Good Talk: A Memoir in Conversations by Mira Jacob
2020 was full of surprises, and one was that I discovered joy in reading graphic novels. I’d read a handful over the years but always said the format wasn’t for me. Despite that, I couldn’t resist picking up Good Talk due to the buzz it was getting and its overall look. (I’m a sucker for a pretty book.) I ended up loving this memoir in which Jacob explores race, parenthood, and life as a person of color in the post-Trump United States. It’s a beautifully written and illustrated story. I love it so much that I bought my own copy after reading it from the library.
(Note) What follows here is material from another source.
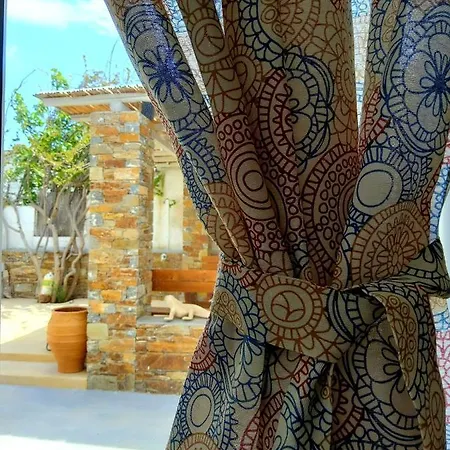 アパート Nefeli リバディオン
Rodham by Curtis Sittenfeld
Along with Good Talk, we can add Rodham to the list of books that surprised me in 2020. I don’t have much interest in alternative history stories. If I’m going to read about history, I want to read about actual history. Or so I thought. Rodham is the novel you probably assume from the title, Hillary Rodham’s story if she hadn’t married Bill Clinton. Despite my hesitation, I picked up this novel from the library and devoured it. I loved all of the political content, but what I appreciate the most about Rodham is the way Sittenfeld made this story seem real. It raises the question about how different our lives could be–good or bad–if just one choice were different.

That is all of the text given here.